Try it: Please give back, word for word, only the lines starting at the one containing "Financial statement assertions" and ending at the one containing "This episode is not" within the material below.

Record excerpts:
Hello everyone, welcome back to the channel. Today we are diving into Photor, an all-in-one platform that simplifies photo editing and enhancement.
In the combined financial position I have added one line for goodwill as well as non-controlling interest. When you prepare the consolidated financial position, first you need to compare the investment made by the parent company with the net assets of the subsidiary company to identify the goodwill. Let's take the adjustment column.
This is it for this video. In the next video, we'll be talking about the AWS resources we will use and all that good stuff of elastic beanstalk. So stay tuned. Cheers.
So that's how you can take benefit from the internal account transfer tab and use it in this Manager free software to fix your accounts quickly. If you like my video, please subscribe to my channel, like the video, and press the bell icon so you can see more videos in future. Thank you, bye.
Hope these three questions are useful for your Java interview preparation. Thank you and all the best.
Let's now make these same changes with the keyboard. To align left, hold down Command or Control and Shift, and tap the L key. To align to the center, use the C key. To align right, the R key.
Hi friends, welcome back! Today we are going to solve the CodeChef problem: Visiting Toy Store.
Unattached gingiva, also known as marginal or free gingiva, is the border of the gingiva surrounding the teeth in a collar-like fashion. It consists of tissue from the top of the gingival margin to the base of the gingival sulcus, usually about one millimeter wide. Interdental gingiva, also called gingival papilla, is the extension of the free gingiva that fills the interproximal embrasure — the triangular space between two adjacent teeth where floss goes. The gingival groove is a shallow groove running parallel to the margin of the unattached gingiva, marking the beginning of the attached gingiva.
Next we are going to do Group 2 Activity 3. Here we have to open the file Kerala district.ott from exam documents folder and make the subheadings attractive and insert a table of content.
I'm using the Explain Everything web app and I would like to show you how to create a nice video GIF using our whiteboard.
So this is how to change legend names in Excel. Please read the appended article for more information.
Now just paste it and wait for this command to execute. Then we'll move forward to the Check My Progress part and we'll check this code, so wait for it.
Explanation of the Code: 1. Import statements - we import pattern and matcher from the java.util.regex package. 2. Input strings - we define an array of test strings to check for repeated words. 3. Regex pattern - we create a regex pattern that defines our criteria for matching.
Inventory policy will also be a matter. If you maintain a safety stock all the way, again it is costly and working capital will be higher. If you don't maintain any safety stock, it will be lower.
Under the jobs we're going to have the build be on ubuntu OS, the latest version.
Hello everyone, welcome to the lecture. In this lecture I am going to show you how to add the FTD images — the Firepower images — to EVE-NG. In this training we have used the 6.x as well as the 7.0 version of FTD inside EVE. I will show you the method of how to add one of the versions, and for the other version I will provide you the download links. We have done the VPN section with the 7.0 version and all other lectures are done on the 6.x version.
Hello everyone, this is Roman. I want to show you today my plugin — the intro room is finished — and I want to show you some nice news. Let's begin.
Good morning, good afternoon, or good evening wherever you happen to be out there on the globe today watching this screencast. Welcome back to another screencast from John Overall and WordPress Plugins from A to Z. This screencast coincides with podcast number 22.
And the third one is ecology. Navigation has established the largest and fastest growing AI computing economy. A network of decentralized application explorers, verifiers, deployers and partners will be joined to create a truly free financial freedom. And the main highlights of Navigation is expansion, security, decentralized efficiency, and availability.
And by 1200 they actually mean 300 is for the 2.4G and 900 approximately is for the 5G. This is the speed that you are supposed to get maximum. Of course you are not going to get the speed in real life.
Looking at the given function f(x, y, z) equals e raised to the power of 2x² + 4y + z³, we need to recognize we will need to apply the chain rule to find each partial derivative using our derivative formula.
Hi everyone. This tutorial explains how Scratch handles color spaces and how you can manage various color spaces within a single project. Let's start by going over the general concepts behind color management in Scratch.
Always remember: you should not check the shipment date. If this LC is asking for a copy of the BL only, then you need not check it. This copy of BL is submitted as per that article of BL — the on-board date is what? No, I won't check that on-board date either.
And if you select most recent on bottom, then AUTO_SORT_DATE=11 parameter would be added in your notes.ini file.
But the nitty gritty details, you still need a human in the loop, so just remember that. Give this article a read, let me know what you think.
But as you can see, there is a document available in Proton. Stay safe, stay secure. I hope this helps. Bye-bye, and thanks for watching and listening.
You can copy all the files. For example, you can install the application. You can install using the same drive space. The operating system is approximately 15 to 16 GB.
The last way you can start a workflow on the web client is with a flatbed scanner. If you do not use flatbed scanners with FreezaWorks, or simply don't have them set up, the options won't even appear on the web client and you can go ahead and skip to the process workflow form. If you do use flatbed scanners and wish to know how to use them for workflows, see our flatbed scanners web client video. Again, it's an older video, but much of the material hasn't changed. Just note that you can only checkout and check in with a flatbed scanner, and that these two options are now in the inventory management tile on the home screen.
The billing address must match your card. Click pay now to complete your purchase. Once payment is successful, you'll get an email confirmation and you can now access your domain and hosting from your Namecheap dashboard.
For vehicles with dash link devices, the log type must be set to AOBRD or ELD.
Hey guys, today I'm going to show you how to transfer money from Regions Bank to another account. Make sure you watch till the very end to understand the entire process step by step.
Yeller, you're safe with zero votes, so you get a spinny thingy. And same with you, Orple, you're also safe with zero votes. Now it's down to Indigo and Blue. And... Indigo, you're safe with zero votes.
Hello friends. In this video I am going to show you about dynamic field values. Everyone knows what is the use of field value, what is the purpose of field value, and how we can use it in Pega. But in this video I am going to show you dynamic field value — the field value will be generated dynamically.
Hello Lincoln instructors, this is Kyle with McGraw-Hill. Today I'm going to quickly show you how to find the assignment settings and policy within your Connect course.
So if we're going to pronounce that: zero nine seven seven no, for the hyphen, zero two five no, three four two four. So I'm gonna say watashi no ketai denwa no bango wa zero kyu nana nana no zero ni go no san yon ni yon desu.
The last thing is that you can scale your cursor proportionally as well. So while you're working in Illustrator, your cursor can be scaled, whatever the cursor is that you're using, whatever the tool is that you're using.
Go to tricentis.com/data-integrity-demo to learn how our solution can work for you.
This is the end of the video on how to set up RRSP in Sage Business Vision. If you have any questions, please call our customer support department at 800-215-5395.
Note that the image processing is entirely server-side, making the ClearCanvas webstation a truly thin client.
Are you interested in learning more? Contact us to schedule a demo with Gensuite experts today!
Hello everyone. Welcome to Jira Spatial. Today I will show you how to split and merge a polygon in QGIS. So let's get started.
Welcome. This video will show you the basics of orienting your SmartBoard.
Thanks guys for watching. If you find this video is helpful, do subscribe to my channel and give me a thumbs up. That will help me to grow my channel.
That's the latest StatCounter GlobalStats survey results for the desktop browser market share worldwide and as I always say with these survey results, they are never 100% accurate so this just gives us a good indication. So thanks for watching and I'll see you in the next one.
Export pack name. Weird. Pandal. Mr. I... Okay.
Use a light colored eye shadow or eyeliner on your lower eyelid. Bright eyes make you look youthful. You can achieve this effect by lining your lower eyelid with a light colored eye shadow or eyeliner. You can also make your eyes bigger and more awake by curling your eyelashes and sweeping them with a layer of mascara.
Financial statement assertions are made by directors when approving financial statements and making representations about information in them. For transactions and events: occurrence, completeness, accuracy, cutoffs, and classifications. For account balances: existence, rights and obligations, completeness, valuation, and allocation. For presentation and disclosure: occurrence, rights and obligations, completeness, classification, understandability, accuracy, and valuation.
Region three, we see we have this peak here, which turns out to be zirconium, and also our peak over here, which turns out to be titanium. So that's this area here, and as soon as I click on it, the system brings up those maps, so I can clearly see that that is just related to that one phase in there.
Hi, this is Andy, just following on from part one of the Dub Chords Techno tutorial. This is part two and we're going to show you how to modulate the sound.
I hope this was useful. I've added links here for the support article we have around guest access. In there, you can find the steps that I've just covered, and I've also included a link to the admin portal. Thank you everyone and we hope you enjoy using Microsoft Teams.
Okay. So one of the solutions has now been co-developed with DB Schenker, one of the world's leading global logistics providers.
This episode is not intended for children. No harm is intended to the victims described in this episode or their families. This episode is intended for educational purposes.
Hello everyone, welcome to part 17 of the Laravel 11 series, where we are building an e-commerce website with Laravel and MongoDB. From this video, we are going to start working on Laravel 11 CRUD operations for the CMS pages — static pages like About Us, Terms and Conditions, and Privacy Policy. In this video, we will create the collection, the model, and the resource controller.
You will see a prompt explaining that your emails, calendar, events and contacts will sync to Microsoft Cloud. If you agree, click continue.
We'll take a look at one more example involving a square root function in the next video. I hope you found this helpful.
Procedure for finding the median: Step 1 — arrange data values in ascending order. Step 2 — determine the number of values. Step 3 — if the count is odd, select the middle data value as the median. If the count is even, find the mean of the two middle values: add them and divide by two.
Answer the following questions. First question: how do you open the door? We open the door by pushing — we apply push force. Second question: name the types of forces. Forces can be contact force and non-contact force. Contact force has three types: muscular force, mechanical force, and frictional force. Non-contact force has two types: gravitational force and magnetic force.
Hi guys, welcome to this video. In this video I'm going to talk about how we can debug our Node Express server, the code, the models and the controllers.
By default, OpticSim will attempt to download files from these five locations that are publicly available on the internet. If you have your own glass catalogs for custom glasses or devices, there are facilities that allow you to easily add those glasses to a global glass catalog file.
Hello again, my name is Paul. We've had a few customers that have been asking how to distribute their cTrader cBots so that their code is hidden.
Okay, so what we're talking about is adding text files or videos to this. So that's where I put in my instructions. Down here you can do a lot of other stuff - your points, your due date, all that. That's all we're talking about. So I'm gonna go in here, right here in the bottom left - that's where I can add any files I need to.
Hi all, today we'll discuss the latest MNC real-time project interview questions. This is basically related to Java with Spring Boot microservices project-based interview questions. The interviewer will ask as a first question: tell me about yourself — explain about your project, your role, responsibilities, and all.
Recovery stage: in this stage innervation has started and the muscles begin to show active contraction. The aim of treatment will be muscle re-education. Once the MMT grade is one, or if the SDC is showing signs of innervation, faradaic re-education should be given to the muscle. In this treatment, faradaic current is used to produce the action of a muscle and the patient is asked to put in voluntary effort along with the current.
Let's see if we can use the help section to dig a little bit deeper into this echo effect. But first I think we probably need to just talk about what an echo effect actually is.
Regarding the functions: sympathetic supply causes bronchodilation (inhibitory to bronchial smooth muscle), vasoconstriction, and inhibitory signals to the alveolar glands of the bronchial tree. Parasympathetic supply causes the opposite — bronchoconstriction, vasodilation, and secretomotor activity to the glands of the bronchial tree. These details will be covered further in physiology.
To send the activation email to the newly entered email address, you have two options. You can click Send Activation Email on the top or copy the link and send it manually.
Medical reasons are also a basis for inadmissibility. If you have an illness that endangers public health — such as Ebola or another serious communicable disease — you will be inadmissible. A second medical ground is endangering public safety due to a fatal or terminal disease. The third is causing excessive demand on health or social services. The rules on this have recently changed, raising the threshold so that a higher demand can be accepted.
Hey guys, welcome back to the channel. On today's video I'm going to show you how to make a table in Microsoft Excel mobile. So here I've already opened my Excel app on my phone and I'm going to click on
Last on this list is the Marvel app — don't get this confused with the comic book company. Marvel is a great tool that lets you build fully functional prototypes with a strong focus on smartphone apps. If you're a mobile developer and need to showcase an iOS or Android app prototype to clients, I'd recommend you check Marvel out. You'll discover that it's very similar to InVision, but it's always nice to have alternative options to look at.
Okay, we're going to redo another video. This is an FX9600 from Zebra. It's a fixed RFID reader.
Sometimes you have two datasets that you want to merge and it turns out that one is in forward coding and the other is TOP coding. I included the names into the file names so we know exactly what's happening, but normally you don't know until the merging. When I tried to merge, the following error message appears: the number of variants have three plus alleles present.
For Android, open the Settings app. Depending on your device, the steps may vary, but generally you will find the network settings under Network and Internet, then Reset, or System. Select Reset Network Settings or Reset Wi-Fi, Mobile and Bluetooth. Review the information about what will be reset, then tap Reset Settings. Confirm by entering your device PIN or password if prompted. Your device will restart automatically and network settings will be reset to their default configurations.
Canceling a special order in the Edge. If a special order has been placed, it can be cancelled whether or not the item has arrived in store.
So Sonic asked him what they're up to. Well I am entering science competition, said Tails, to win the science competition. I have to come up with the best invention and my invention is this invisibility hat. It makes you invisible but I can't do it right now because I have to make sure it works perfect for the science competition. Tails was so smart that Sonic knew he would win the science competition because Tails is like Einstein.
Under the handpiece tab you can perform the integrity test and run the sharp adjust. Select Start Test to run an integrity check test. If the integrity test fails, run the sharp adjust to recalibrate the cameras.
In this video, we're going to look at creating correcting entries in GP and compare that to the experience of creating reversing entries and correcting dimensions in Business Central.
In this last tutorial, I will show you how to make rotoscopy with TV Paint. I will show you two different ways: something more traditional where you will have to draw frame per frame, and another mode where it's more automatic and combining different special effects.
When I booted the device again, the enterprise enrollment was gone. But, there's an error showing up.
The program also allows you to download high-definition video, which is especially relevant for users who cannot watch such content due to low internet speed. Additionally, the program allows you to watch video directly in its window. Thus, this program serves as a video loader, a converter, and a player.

Exercise solution:
Financial statement assertions are made by directors when approving financial statements and making representations about information in them. For transactions and events: occurrence, completeness, accuracy, cutoffs, and classifications. For account balances: existence, rights and obligations, completeness, valuation, and allocation. For presentation and disclosure: occurrence, rights and obligations, completeness, classification, understandability, accuracy, and valuation.
Region three, we see we have this peak here, which turns out to be zirconium, and also our peak over here, which turns out to be titanium. So that's this area here, and as soon as I click on it, the system brings up those maps, so I can clearly see that that is just related to that one phase in there.
Hi, this is Andy, just following on from part one of the Dub Chords Techno tutorial. This is part two and we're going to show you how to modulate the sound.
I hope this was useful. I've added links here for the support article we have around guest access. In there, you can find the steps that I've just covered, and I've also included a link to the admin portal. Thank you everyone and we hope you enjoy using Microsoft Teams.
Okay. So one of the solutions has now been co-developed with DB Schenker, one of the world's leading global logistics providers.
This episode is not intended for children. No harm is intended to the victims described in this episode or their families. This episode is intended for educational purposes.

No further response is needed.